Rated: R for language, drug content and some violence. Reviewed by: Jim Release date: December 25, 2017 Released by: STX Entertainment
Slick entertainment from Aaron Sorkin (in his directorial debut) with some unexpected visual flair mainly excels because of what acclaimed alluring actress Jessica Chastain (The Zookeeper's Wife, Miss Sloane, Zero Dark Thirty, Help, just to name a few of her numerous credits) brings to the table. Playing the driven, scheming, as well as self-centered eponymous woman with grit, profiting from her own experiences will certainly put her in drastic territory.
Sorkin's screenplay in Molly's Game isn't his most stellar (if you consider Steve Jobs and The Social Network) and may hold only the interest of upscale or more discerning audiences.
But, the sprawling, if erudite verbosity drawn from Molly Bloom's memoir with a cumbersome subtitle From Hollywood's Elite to Wall Street Billionaire Boys Club, My High-Stakes Adventure in the World of Underground Poker does flourish at times in spite of indulgent writing and effusive narration.
Back-and-forth in chronology of Ms. Bloom (whose more personal proclivities besides a drug habit aren't apparently important if the text stresses empowerment) into a new career of making money after a devastating back injury prevents her from following in the ilk of Lindsey Vonn.
Molly becomes beholden to a sordid Hollywood hustler (Jeremy Strong) who manages illegal poker activities on the side. She'll be unable to remain in L.A., but gets into exclusive high-stakes stuff in the Big Apple before an FBI sting forces her hand once arrested.
Some of the best interludes in this garrulous Game include Molly's meetings with high-priced attorney Charlie Jaffey (Idris Elba of The Mountain Between Us).
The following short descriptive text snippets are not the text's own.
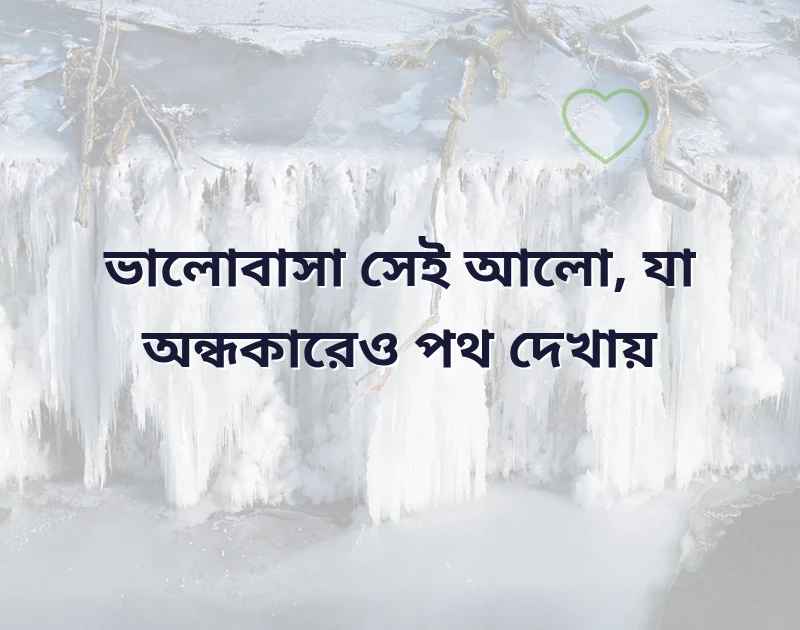 পছন্দের একটি ছবি
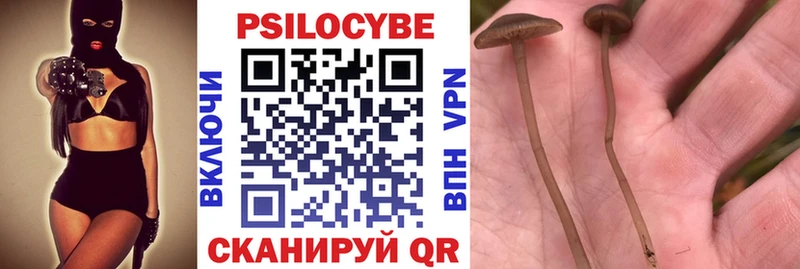 Псилоцибиновые грибы Psilocybine cubensis Баймак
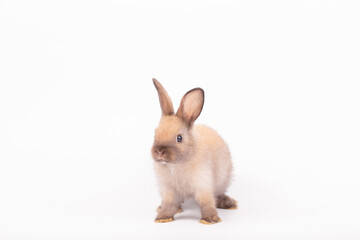 Adorable Pet Rabbit, Cute Fluffy, White Mammal with Large Ears on Background, Showcasing Its Small, Furry, Domestic Nature, Perfect for Easter Celebrations and Farm Enthusiasts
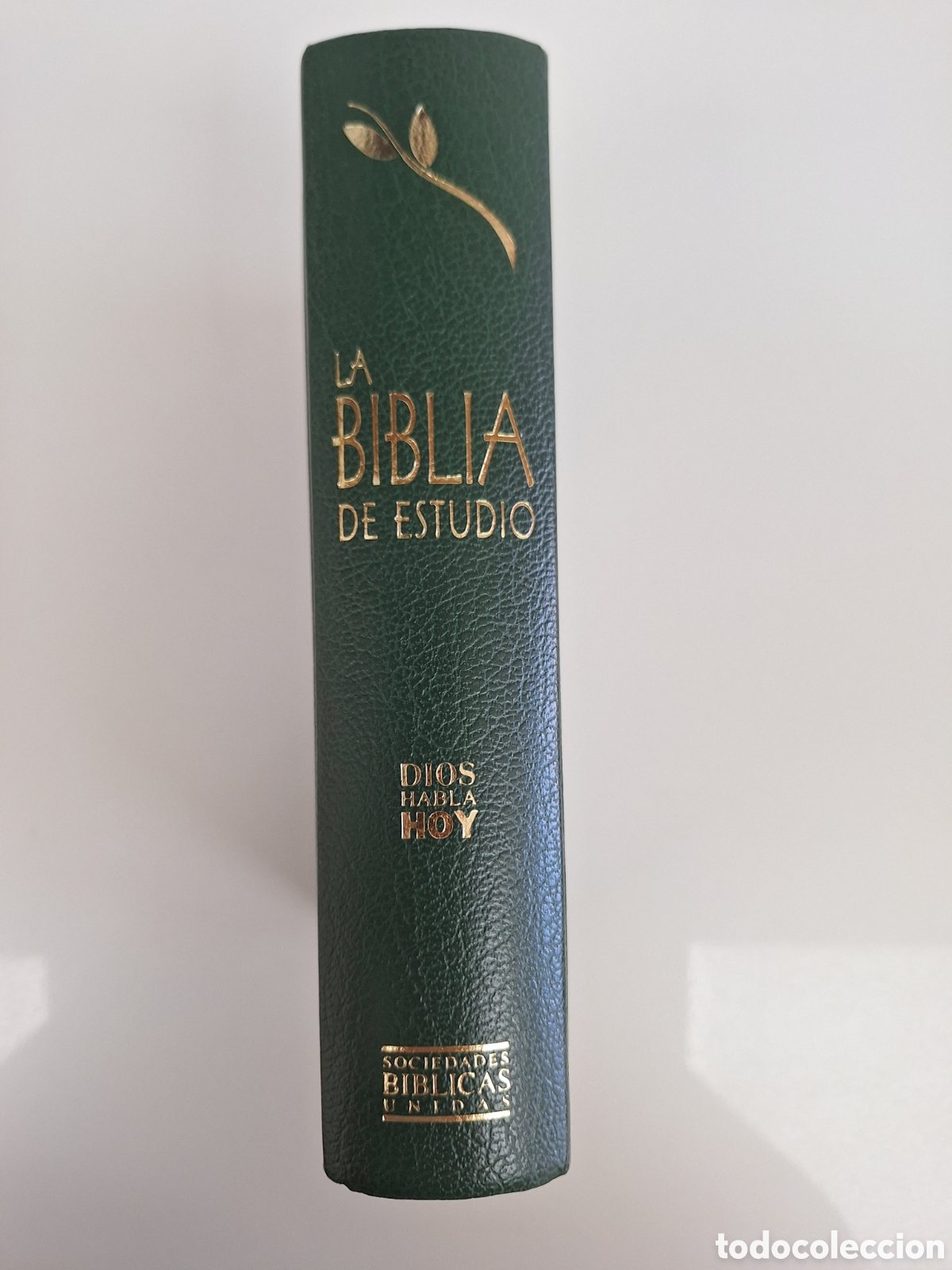 Livros em segunda m&atilde;o: La Biblia de Estudio Dios Habla Hoy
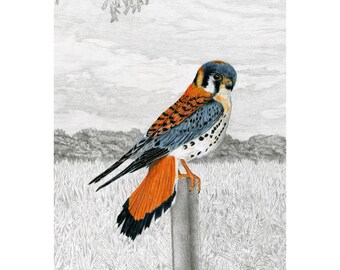 Falcons, American Kestrel Giclée Print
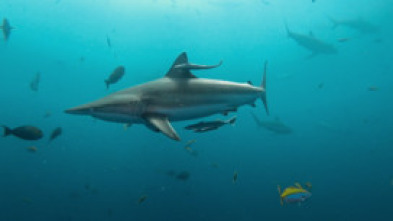 Imagen de Sharkfest: Pico de mordiscos - 12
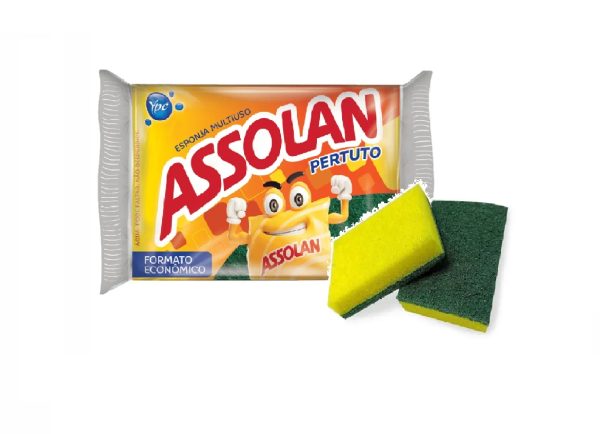 Esponja Dupla Face Multiuso 99 X 69 X 19mm Assolan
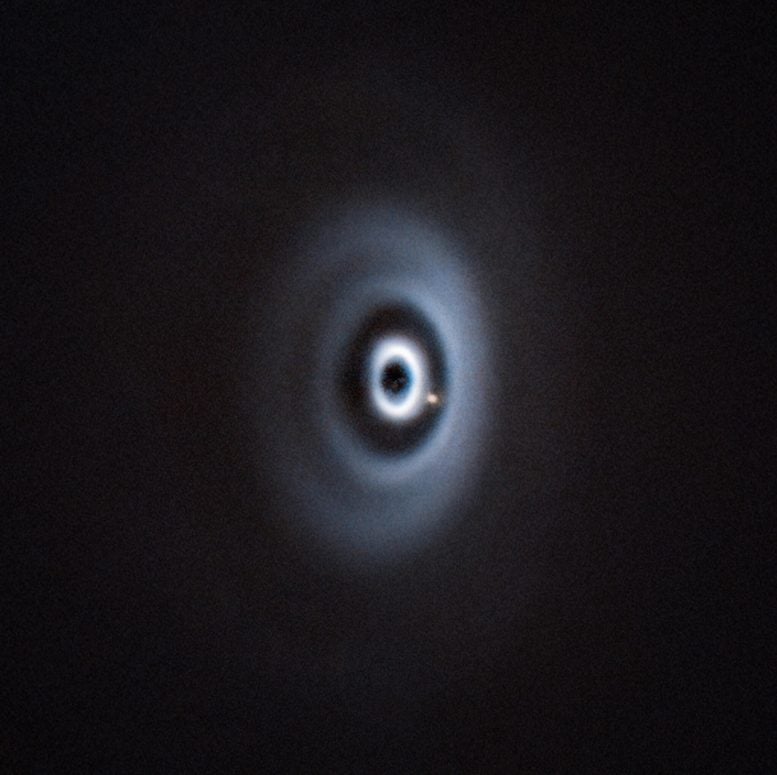 Baby Planet in a Disc With Multiple Ring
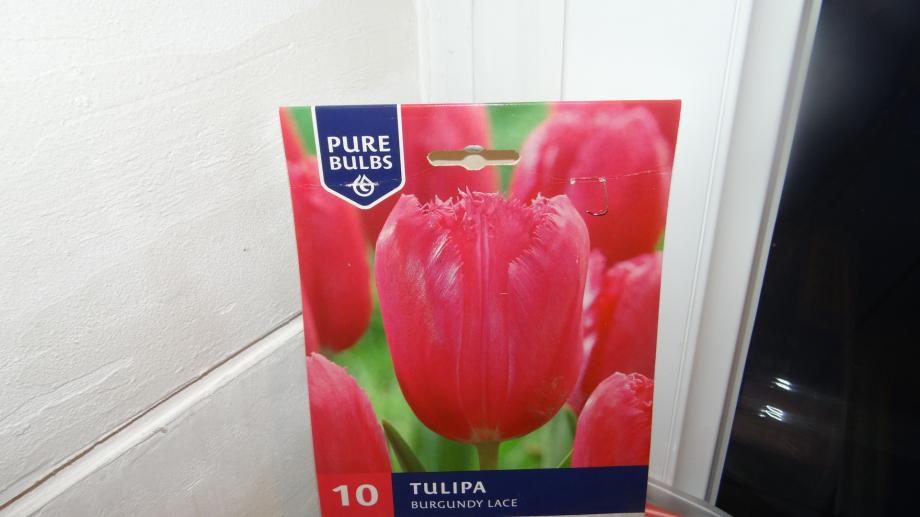 Tulipe Burgundy Lace, Nouvelle Venue Dans Notre Jardin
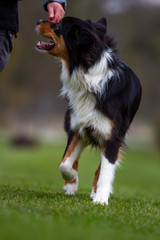 Dog outdoors on the move at agility..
Charlie cajoles her about her "clients" so a settlement with the prosecution can be reached. Her quandary is juxtaposed with her success as the "poker princess" in the rapid celebrity gaming world (with Michael Cera standing in for the likes of Tobey Maguire). A tenacity and toughness blooms from a psychologist dad (a well-suited Kevin Costner).
Even if Sorkin doesn't play his cards that adeptly which limits the extent to which Chastain's committed effort can really scale emotional truths this biopic doesn't really sell out on its intriguing (if not so thoroughly examined) subject as overpowering and unmanageable as it appears on the silver screen.